Wait a minute, I said. That house didn’t have an attic. Basement, yes. Two stories, five bedrooms on the second floor. But there was no attic.
Well, they backtracked. Maybe you’d call it a crawl space. You couldn’t stand up straight in it. It was very primitive.
I was drawing a complete blank. But there were no stairs, I pointed out. That house only had two floors.
Mom, don’t you remember? There was an opening in the ceiling of the guest room closet.
The ceiling of the guest room closet? An opening? A broken violin? I lived in that house for YEARS. I take great pride in my memory. But I have absolutely no memory of any of that.
I wonder if they remember the dog and the cheesy vomit.
****
The whole concept of memory has always been a fascination of mine…memory, and dreams. I’ve dealt with both things in books along the way. Thinking about it now, I went and looked up a passage in a book of mine, Autumn Street, that was published in (I just checked) 1980. It’s one of several books that, although written as fiction, was autobiographical: set in the year, 1942, that my father went off to the Pacific during WWII, and my pregnant mother took my sister and me to Pennsylvania, where we moved into our grandparents’ house and waited for the baby to be born. I was 5 and my sister was 8 at the time. We shared a bedroom in my grandparents’ house.
Here is the passage I was remembering:
Her dreams would always be different from mine.
That was true, of course. It’s a phenomenon every human experiences at some point: the realization that they are separate, individual beings. That their dreams…and their memories…are unique. I once talked with a cousin about a Fourth-of-July picnic we had both attended, as children, with our families. I commented that as a child I was so shy, such an introvert, that I was always on the sidelines, a silent observer, while the other children ran around and shouted exuberantly. My cousin Betty actually got out a videotape she had had made from an old home movie: a film of the same Fourth-of-July event we’d been discussing. And there I was. Silently observing? Nope. I was running around gleefully shrieking with the rest of the kids.
I guess I had remembered a different moment. Or perhaps just the feeling of being an outlier and onlooker.
During the conversation by Zoom the other day, I mentioned a Christmas when I was 12, living in Tokyo, and in celebration I had been dressed up in full Japanese gear and my dad took my picture as I stood self-consciously in the front porch.

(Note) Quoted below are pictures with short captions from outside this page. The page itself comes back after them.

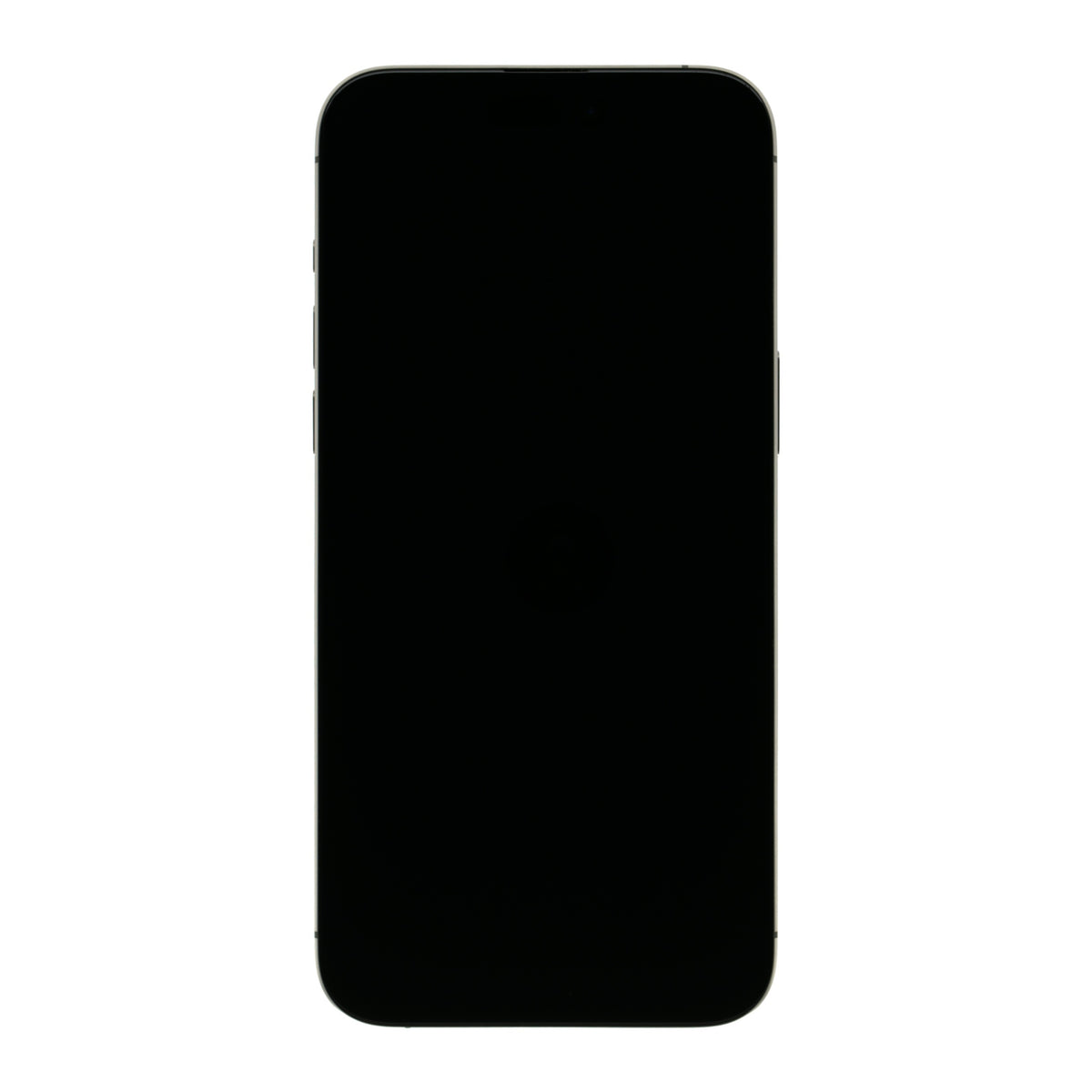95新 Apple iPhone 15 Pro Max 256G 原色鈦金屬 中國大陸版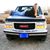 Kasey Kraus's profile image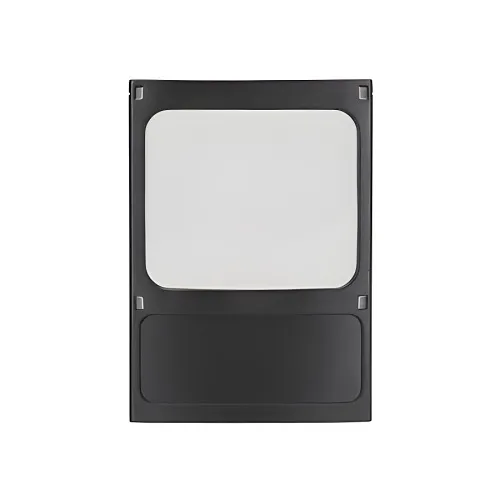 Raytec VAR-I6-LENS-80-30, IND.I6 Vario Lens, 80H x 30V, Individual I6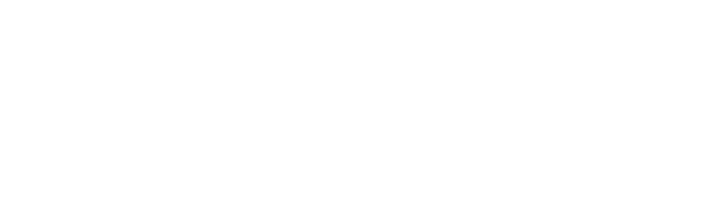 Web1-3.png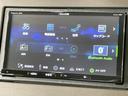 Ｌ　両側電動ドア　衝突軽減　ＳＤナビ　バックカメラ　ドラレコ　ＥＴＣ　禁煙車　レーダークルーズ　コーナーセンサー　シートヒーター　スマートキー　ＬＥＤヘッド　オートライト　オートエアコン　横滑り防止装置（33枚目）
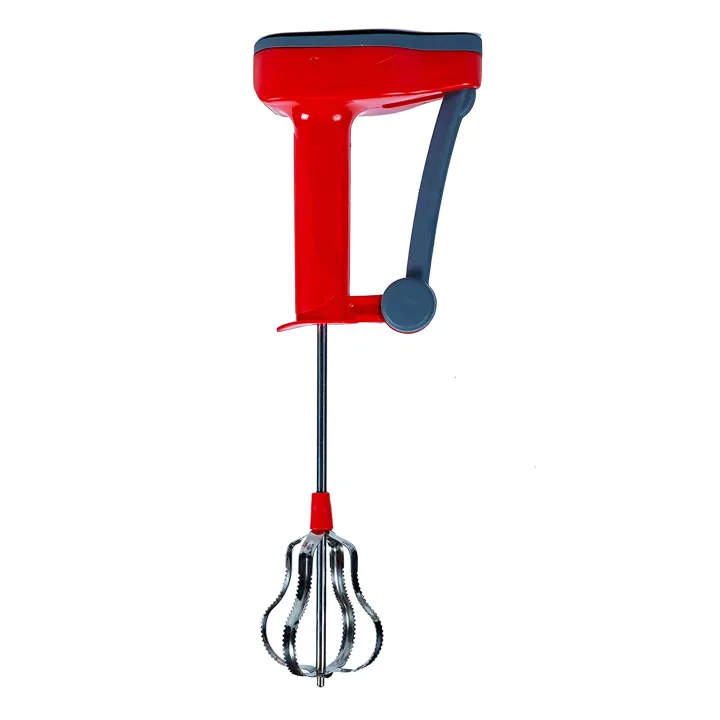 Power%20Free%20Hand%20Blender%20&%20Beater%20in%20Kitchen%20appliances%20with%20high%20Speed%20Operation%20in%20Multi%20Colors%20(Egg%20Beater,%20Milkshake,%20Soup,%20Butter%20Milk%20Maker)%20-%20Image%206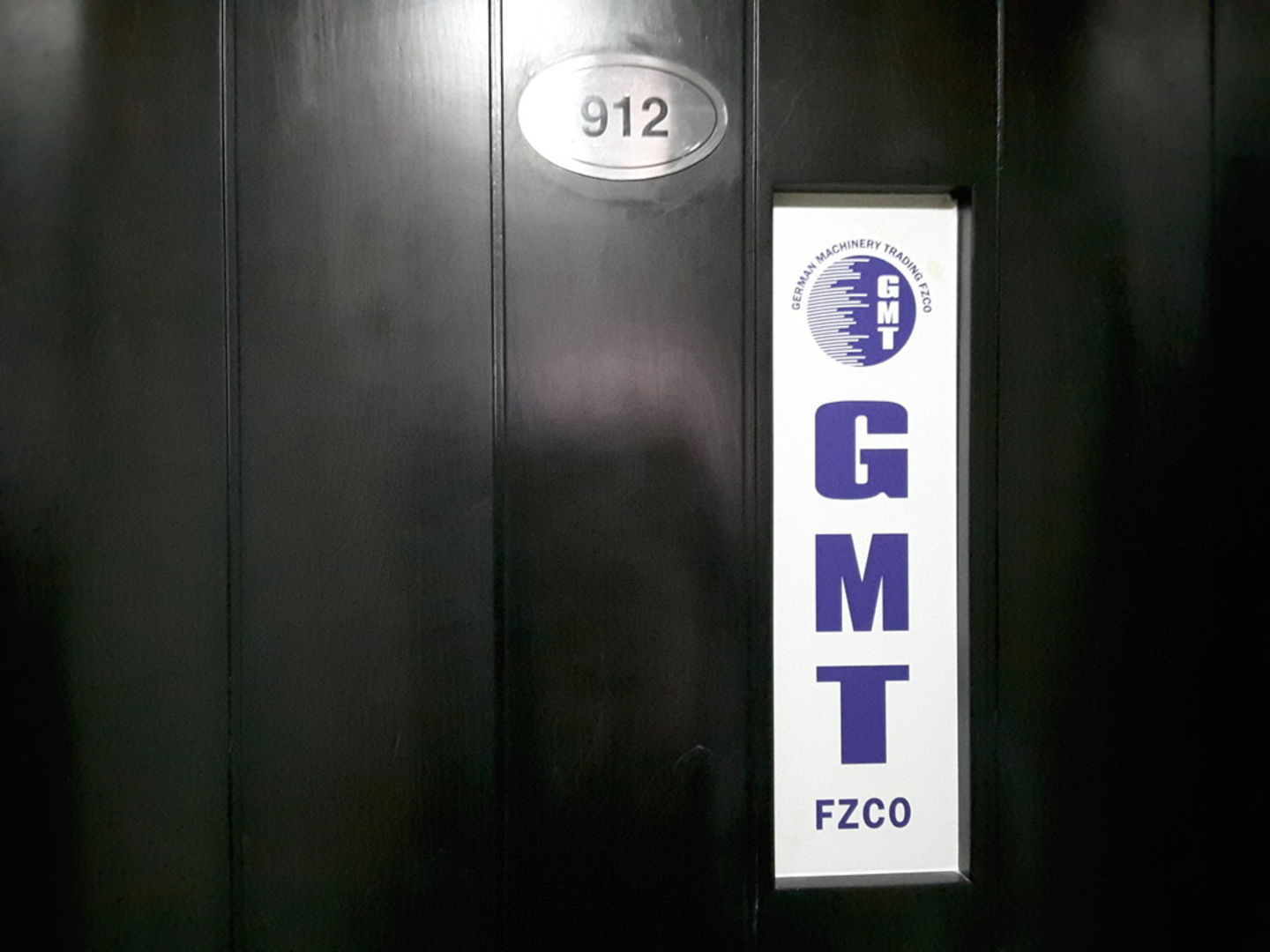 HiDubai-business-german-machinery-trading-construction-heavy-industries-heavy-equipment-machinery-dubai-silicon-oasis-nadd-hessa-dubai-2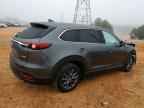 2021 MAZDA CX-9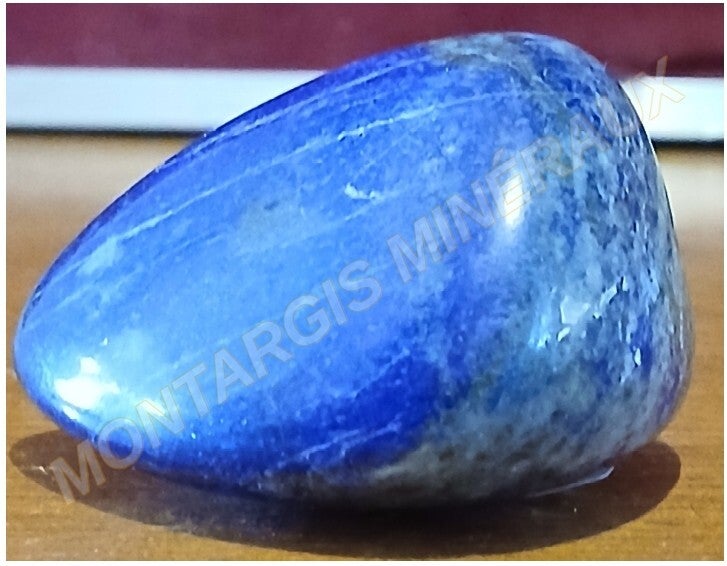 FLLALA 2026-02 Lapis Lazuli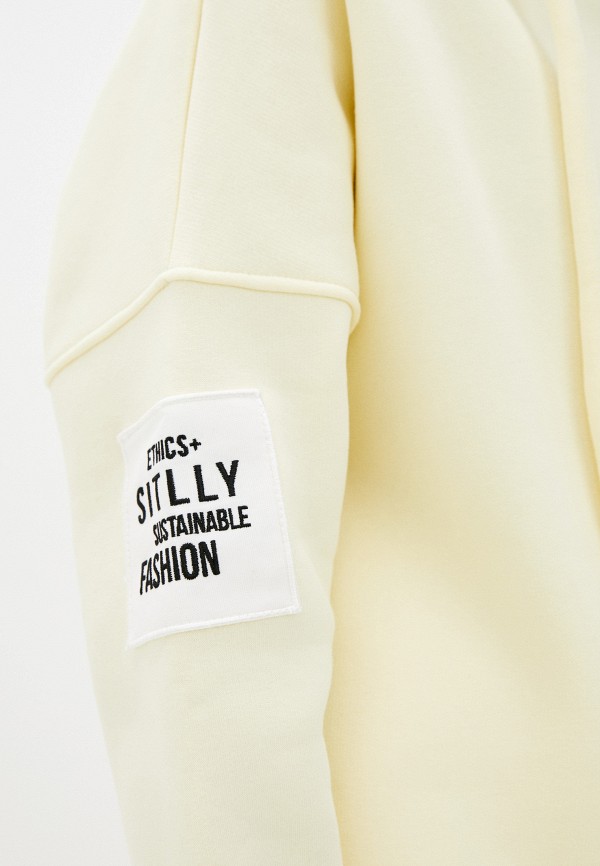 фото Костюм спортивный sitlly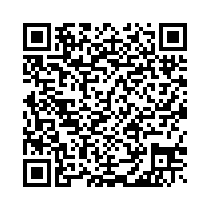 QR Code https://www.principocket.com/it/events/bc4c1ba5262b988025e425a324157f26-Theatre-Presentations-de-la-saison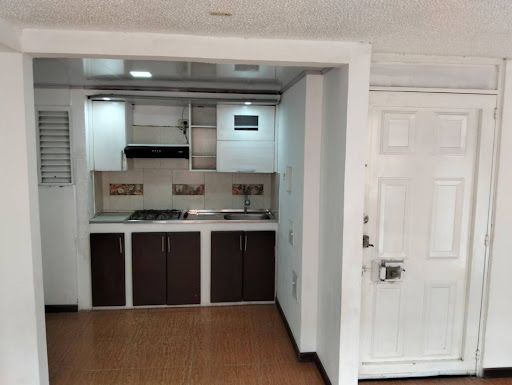 Apartamento en venta Cundinamarca Soacha Cr La Confianza Et Ii 48 m2 Habitaciones 3 Baños 1 Garajes 0 Precio $125000000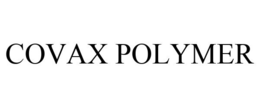 COVAX POLYMER trademark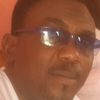 alfadilahmed507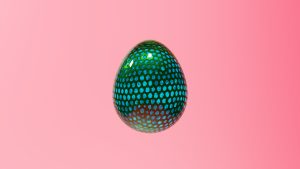 eggs: 862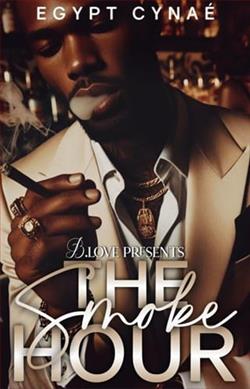 The Smoke Hour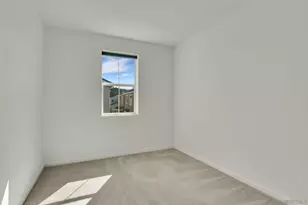 27759 Old Dairy Wy, Valley Center, CA 92082 - Photo 30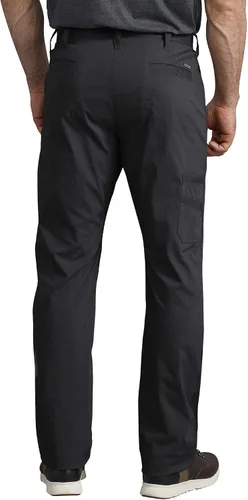 Miniatura 2 de Dickies Pantalones utilitarios híbridos unisex para adultos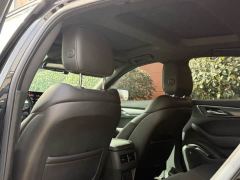 Cadillac CT5 28T Luxury - photo 10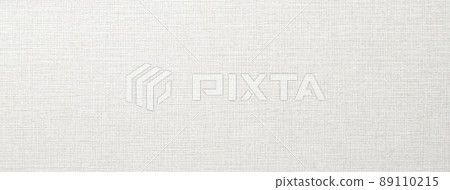 Paper background texture with fabric-like texture 89110215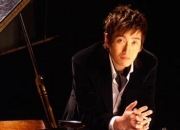 满江的出生日期_满江的生辰八字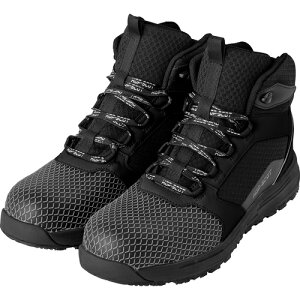 CUC@CHUSAN@nCrXϋvvZ[teB[@nCrXubN@300@yiԁF780071-894-300z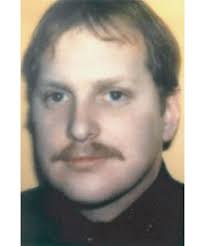 Police Officer Maurice Vincent Barry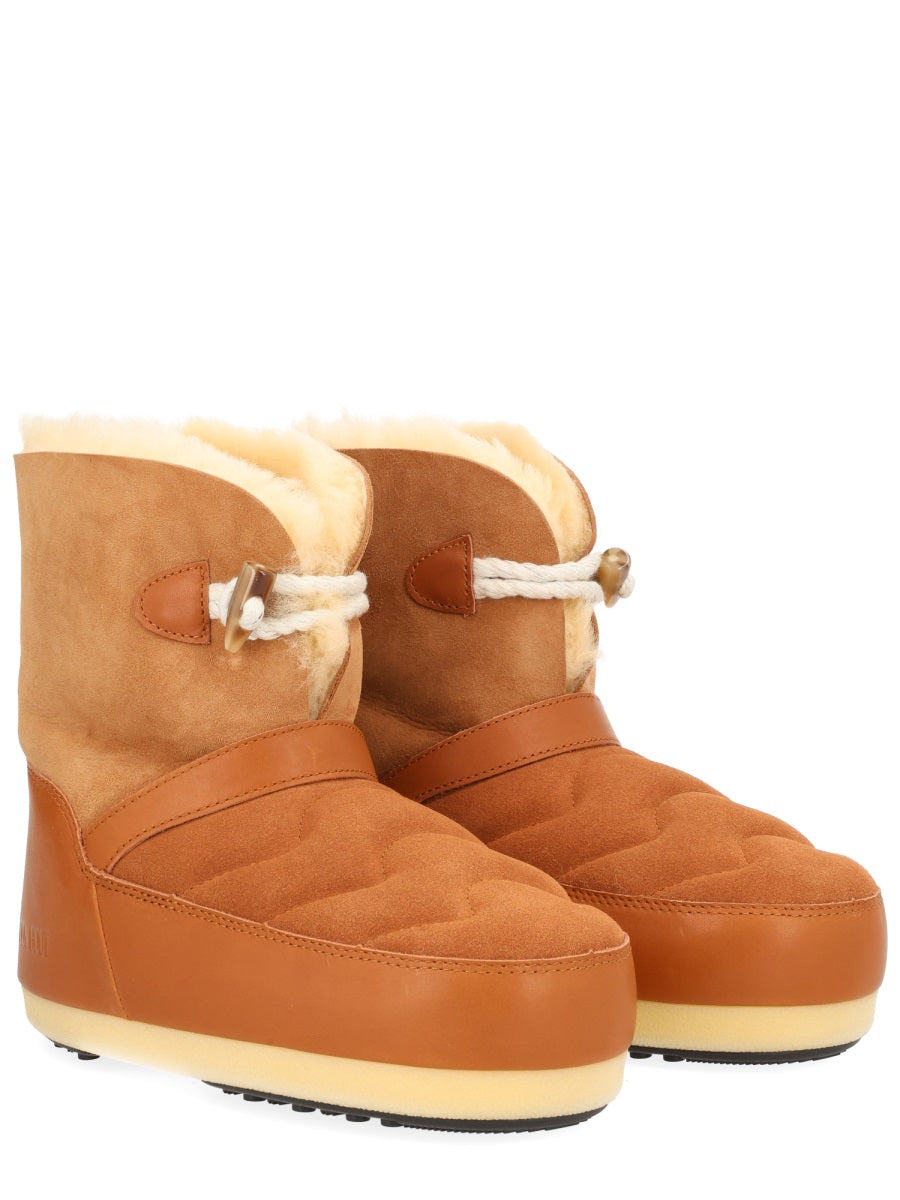 Moon Boot Unisex MOON BOOT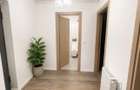 2 camere Piata Presei Libere - NEW Residences - 4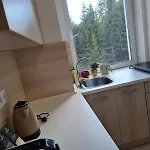 Horny Smokovec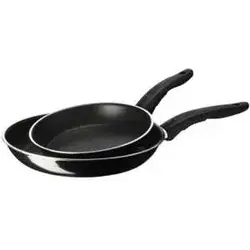 ماهیتابه ایکیا مدل SNAR 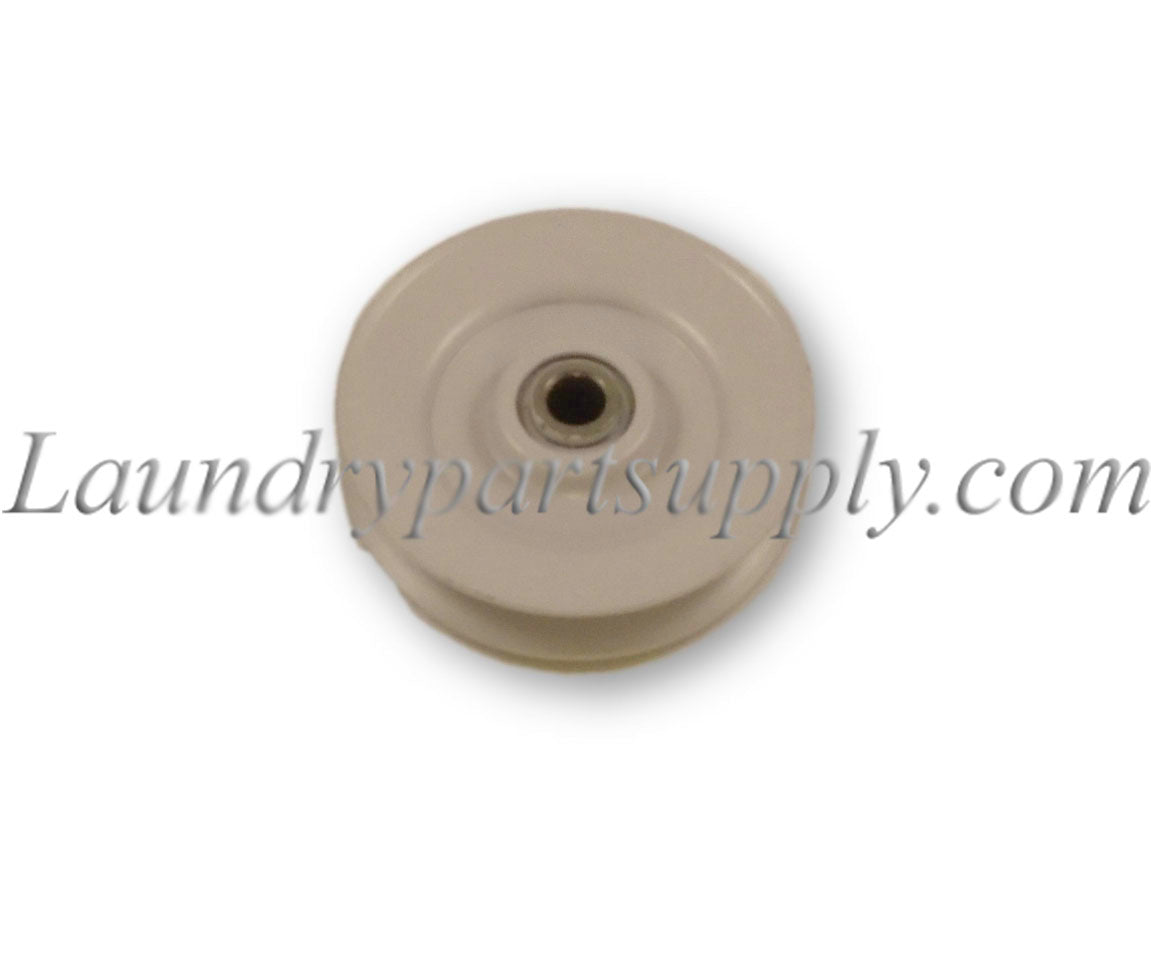 IDLER PULLEY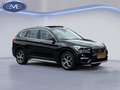 BMW X1 SDrive20i 192 pk High Executive, panoramadak, trek Noir - thumbnail 19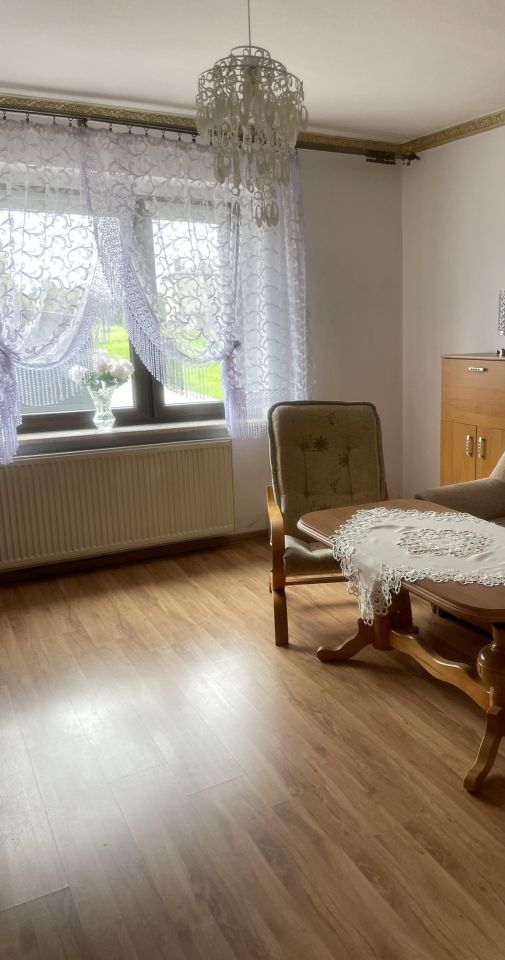dom wolnostojący, 6 pokoi Rydułtowy, Krzyżkowicka. Zdjęcie 14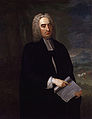 Jonathan Swift by Francis Bindon.jpg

My daughter asked me to send her the photo, which she didn’t remember having seen, and when I did, and with it my description of myself (awkward, self-conscious, with braces on my teeth) she responded:
NEW KNOWLEDGE! For me: of an attic and a violin.
Her dreams would always be different for mine. So, too, her memories.
Have been thinking of memory also and the unique perspective, often skewed, of how I view myself. Thank you for the insights, I laughed aloud relating to the film that showed you playing yet for some reason feeling an outsider!
Thanks for sharing this delightful piece and so happy you have this time with your daughters. Do our misremembering impact the way we live? If we remember being shy (but that wasn't actually the case) could it reinforce this behavior as an adult?